Autora de I Want the Losing Heroine to Win! critica la toxicidad de los fans extranjeros
La creadora de la obra, alzó la voz contra los lectores internacionales que consumen piratería y además exigen controlar la historia.
La relación entre los creadores japoneses y el público internacional a menudo choca con una barrera de toxicidad y derechos malentendidos. Este 15 de abril de 2026, la mangaka Nakayama Michiru, autora de la serie I Want the Losing Heroine to Win! (Make Heroine o Katasetai!!), decidió no guardar más silencio y arremetió públicamente contra un sector muy específico de la comunidad otaku: los fans extranjeros que leen su obra de manera ilegal y se sienten con el derecho de exigir cambios en la historia.

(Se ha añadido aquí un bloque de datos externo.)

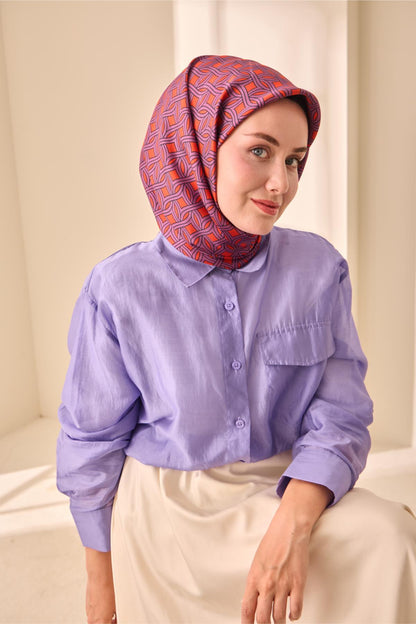 Silk Home Twill İpek Eşarp - 11479-22 Turuncu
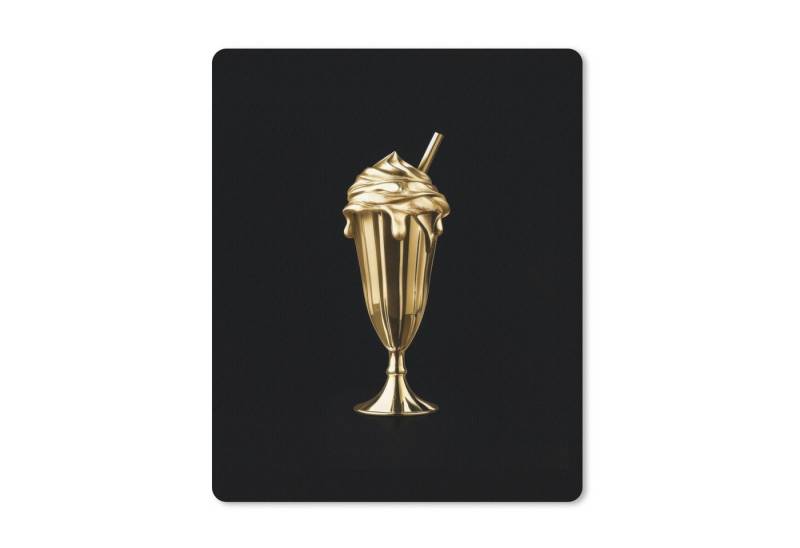 MuchoWow Mauspad Milchshake - Gold - Trinkend - Schwarz (1-St), Gaming, Mousepad Klein, Büro Zubehör, Mausunterlage, 19x23 cm von MuchoWow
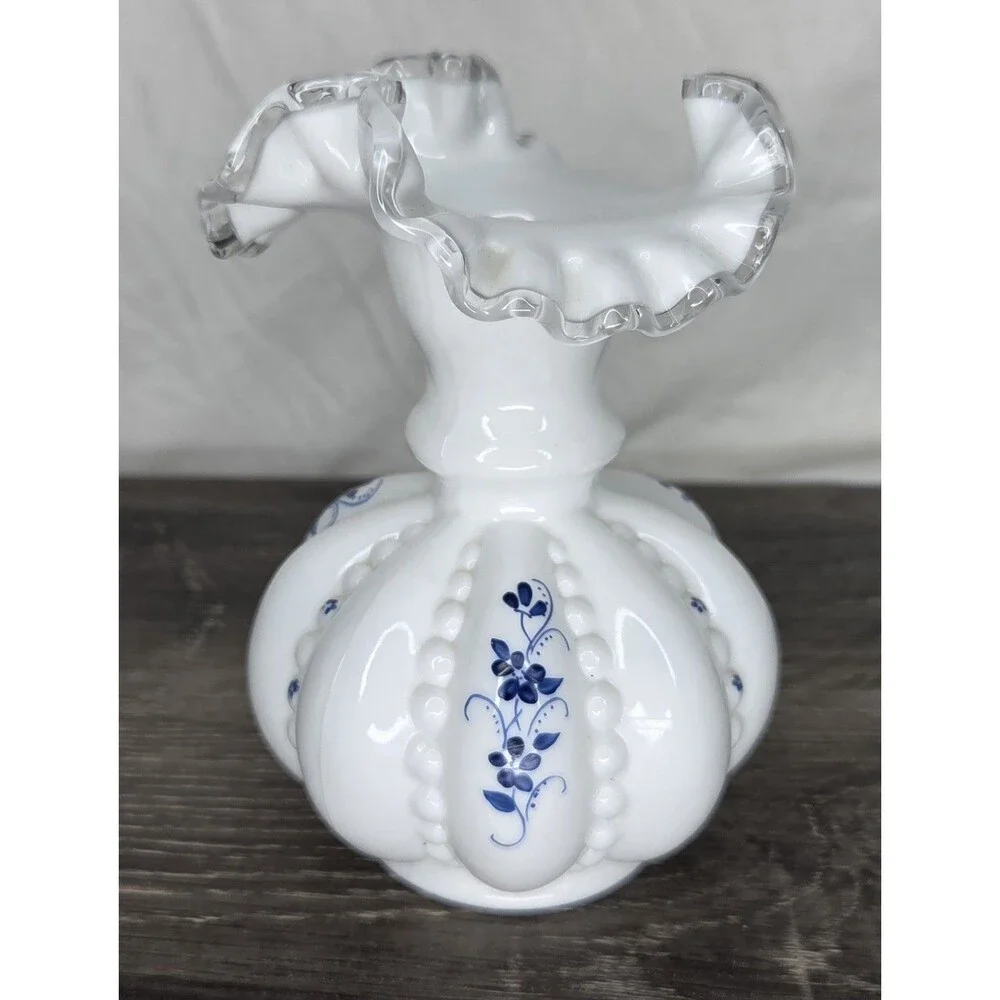 Fenton Elizabeth Silver Crest Beaded Melon Vase Blue Flowers 6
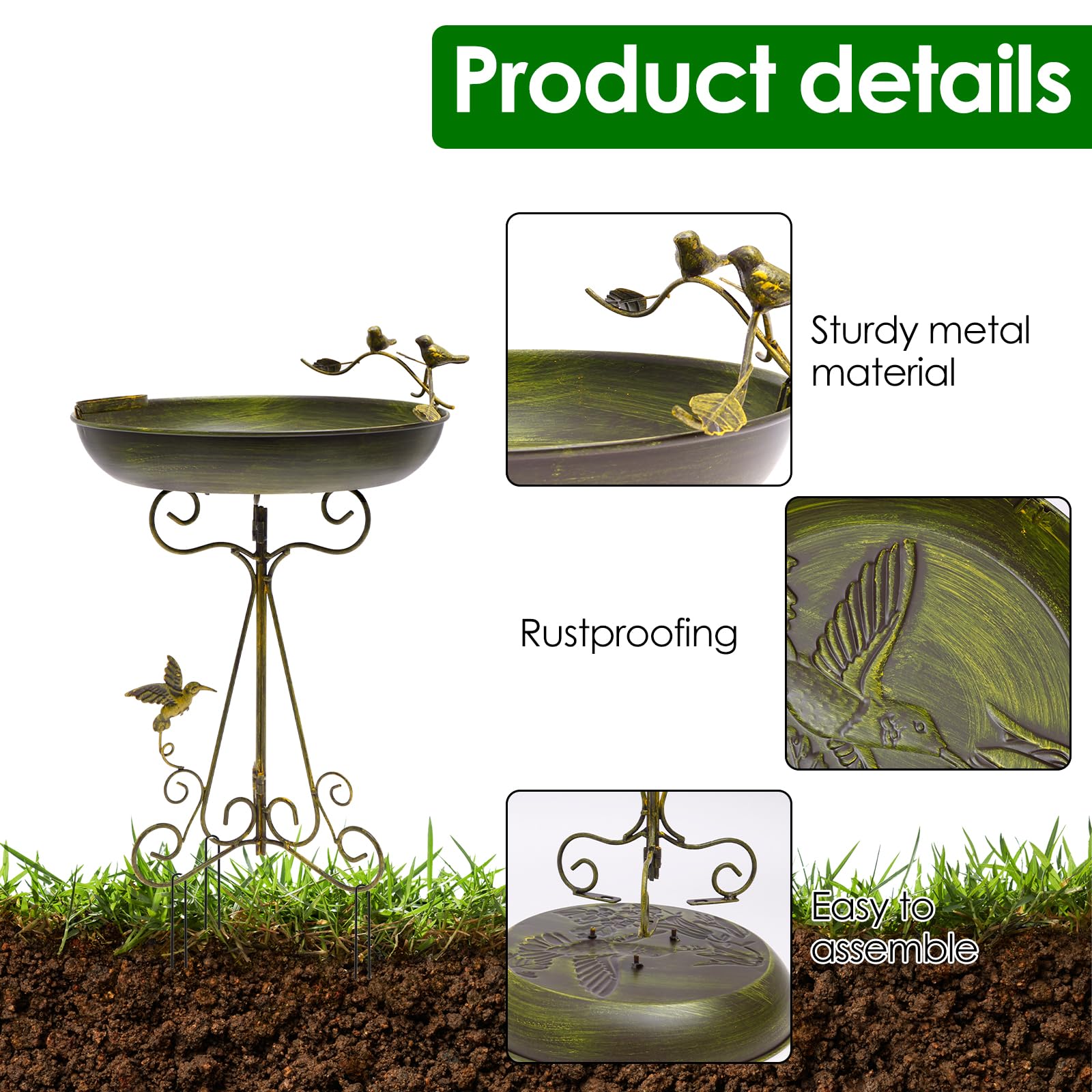 Vogeltränke Stehend 102x31cm Vogelbad Groß Retro mit 5-Krallen-Basis Kleine Schale Wassertränke für Vögel Rostschutz Kippschutz für Terrassen Rasenflächen Gartenoberflächen (Olivgrün)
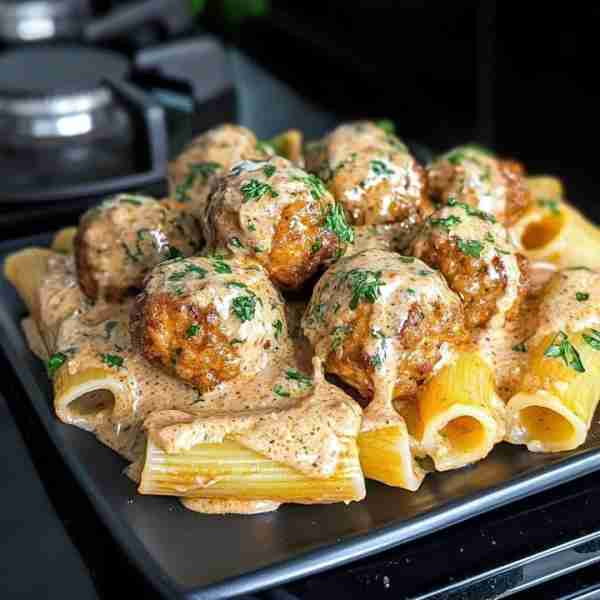 Jerk Chicken Meatball Pasta 🍗🌶️ Ingredients: For the Meatballs: 1 lb ground chicken 1/2 cup breadcr...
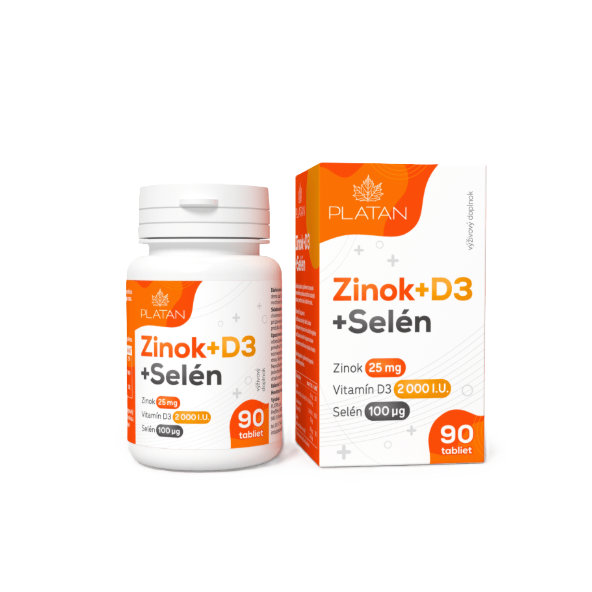 Platan Zinok + Vitamin D3 + Selen 90 tablet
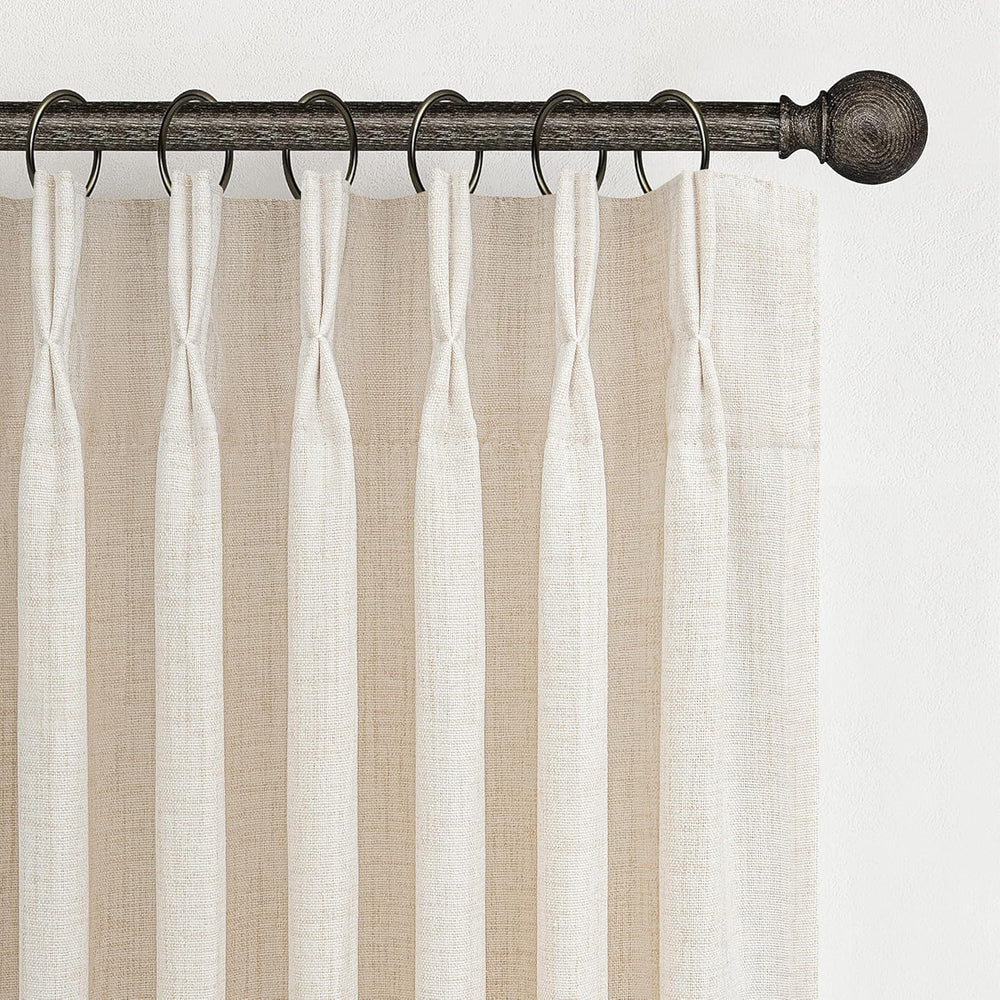 Pinch Pleated Linen Curtains 96 Inches Long for Living Room Bedroom, Light Fi...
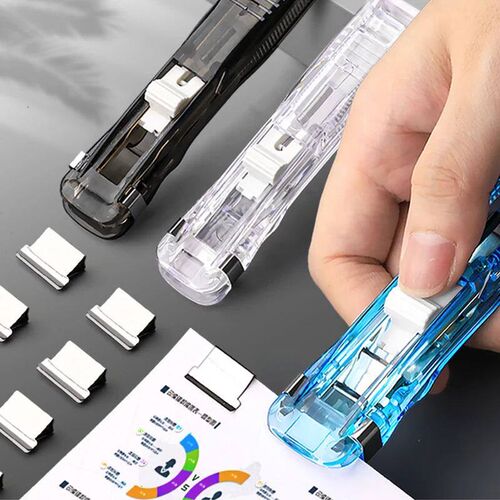 Mini Traceless Reusable Hand Clamp Push Stapler Paper Book F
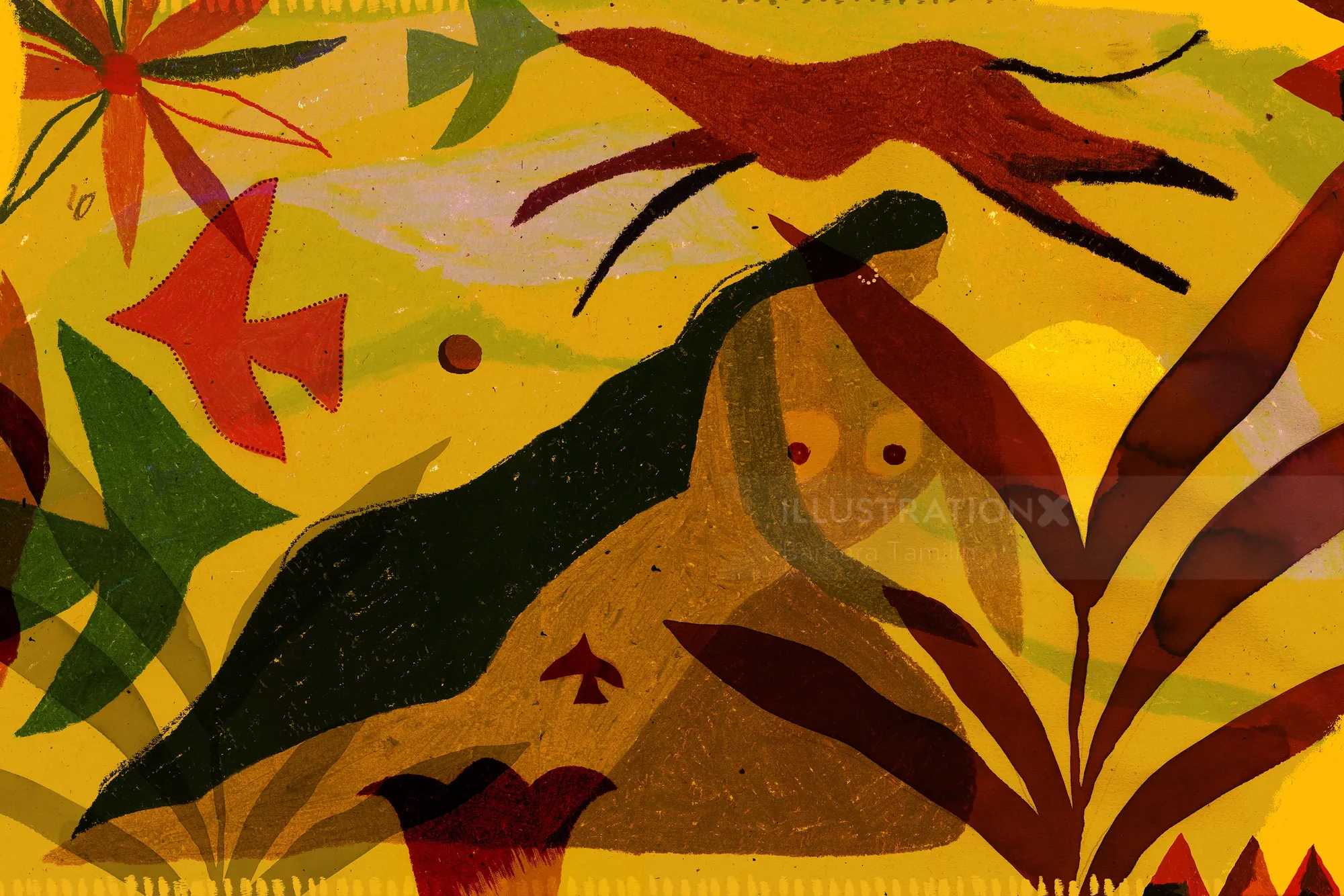 Abstract artwork with plants and human-like figures by Barbara Tamilin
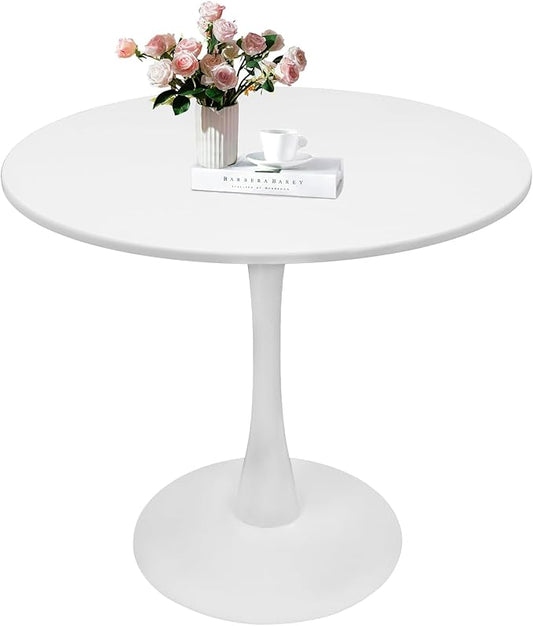 Round White Dining Table, 31.5" Tulip Table, Round Dining Table with Pedestal Base, White Dining Table for 1-4 Person, Mid-Century Leisure Table for Kitchen, Living Room, Restaurant, Cafe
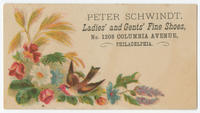 Peter Schwindt, ladies' and gents' fine shoes, No. 1208 Columbia Avenue, Philadelphia.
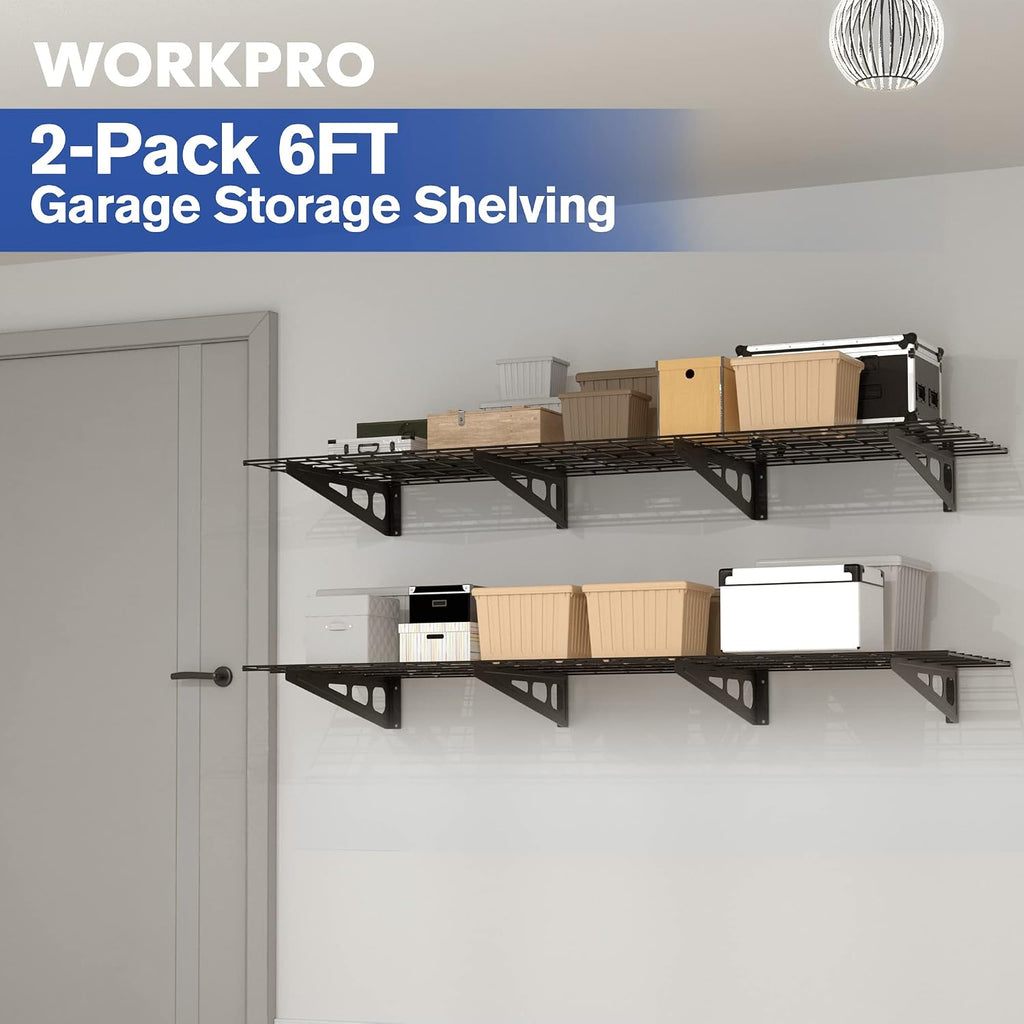 WORKPRO 2-Pack 2x6FT Garage Wall Shelving, 72' x 24' Heavy Duty Wall Mounted Shelving, 800lbs Load Capacity (Total), Metal Wall Shelves Suitable for Shop, Shed, Garage Storage, Black, 1 Sets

"Si van a quejarse, paguen primero"
En una declaración directa y sin filtros, Nakayama explicó la inmensa presión y frustración que siente al recibir constantes mensajes de lectores que le exigen formar parejas románticas específicas (una práctica conocida como shipping). La autora reveló que recibe comentarios sumamente agresivos como: "Si no emparejas a XX con XX, no eres una verdadera escritora".

Lo que más indigna a la creadora no es solo el acoso, sino el descaro de la situación, ya que gran parte de estos reclamos provienen de usuarios que consumen su manga exclusivamente a través de sitios piratas extranjeros. Aunque Nakayama aclaró que está inmensamente feliz de tener un público fuera de Japón, fue contundente con su mensaje: "Me emociona tener fans en el extranjero, pero por lo ruidosos que son a pesar de leer gratis, realmente apreciaría que primero soltaran algo de dinero".
La comunidad apoya la visión de la autora
Afortunadamente, el contundente mensaje de la mangaka fue recibido con aplausos por parte de la mayoría de los lectores razonables. Las redes sociales se llenaron de comentarios respaldando el derecho absoluto de Nakayama a escribir la historia tal y como ella la concibió. Muchos usuarios señalaron la ironía de exigir control creativo sobre un producto por el cual no están pagando ni un solo centavo, demostrando una total ignorancia sobre el esfuerzo y el trabajo que conlleva la industria del manga.
El debate también sacó a la luz cómo la cultura del shipping ha cruzado límites inaceptables al llegar directamente al hostigamiento de los autores. Los verdaderos fanáticos de Make Heroine o Katasetai!! defendieron que la magia y el encanto de la serie radican precisamente en sus dinámicas impredecibles. Forzar un romance para complacer a un sector ruidoso de internet no solo destruiría la esencia de la obra, sino que sentaría un terrible precedente de censura creativa impuesta por la piratería.